Het bouwjaar van De Gekroonde Burcht of Kroonenburg werd door Pieter Boorsma niet gevonden. De Zaanse molenkenner trof de paltrok alleen aan in een stuk uit 1758. Maar toen Jacob van Sante, Cornelis Pietersz Mens en Jan Pouwelsz Bont in de winter van 1726 hun schaatstocht door de Zaanstreek maakten en daarbij alle molennamen en hun eigenaren noteerden op een lijst, die uiteindelijk 534 namen zou tellen, passeerden ze ook De Burcht. Bovendien meldden ze dat de molen eigendom was van Claas Geleepij en plaatsten ze de paltrok in hun lijst van 38 grenen zagers, die ze in Oostzaandam tegen kwamen . Daardoor staat het onomstotelijk vast dat de drie schaatsenrijders De Gekroonde Burcht, ook wel Kroonenburg zagen staan.

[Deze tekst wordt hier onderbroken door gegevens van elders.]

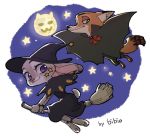  bibio broom canid canine clothing costume disney duo female flying fox halloween hat headgear headwear holidays judy_hopps lagomorph leporid male mammal moon nick_wilde night oibib rabbit sky star zootopia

Zes jaar later verzekerde Claas Gelepij de molen op 1 januari 1734 tegen brand. Boorsma noemde de paltrok nog een wagenschotzager, maar omdat volgens het drietal werden er grenen balken met de molen gezaagd, zodat hij in de categorie balkenzagers moet worden geplaatst. Wagenschot was eikenhout, waarvan dunne planken werden gezaagd voor beschottingen en eiken balkenzagers werden door de schaatsenrijders in een aparte rubriek ondergebracht.
De paltrok stond ten oosten van de Gouw aan het Prinsenpad. Boorsma meldt dat op 1 januari 1758 Cornelis Kroon eveneens een verzekering afsloot en dat Claas Gelepij op 17 januari van dat jaar de molen weer liet uitschrijven. Hij was dezelfde, die 24 jaar eerder voor de inschrijving zorg droeg. Hoe de onderlinge relatie tussen Cornelis Kroon en Claas Gelepij was is niet duidelijk.
In elk geval werd de levensduur van de molen met 32 jaar verlengd.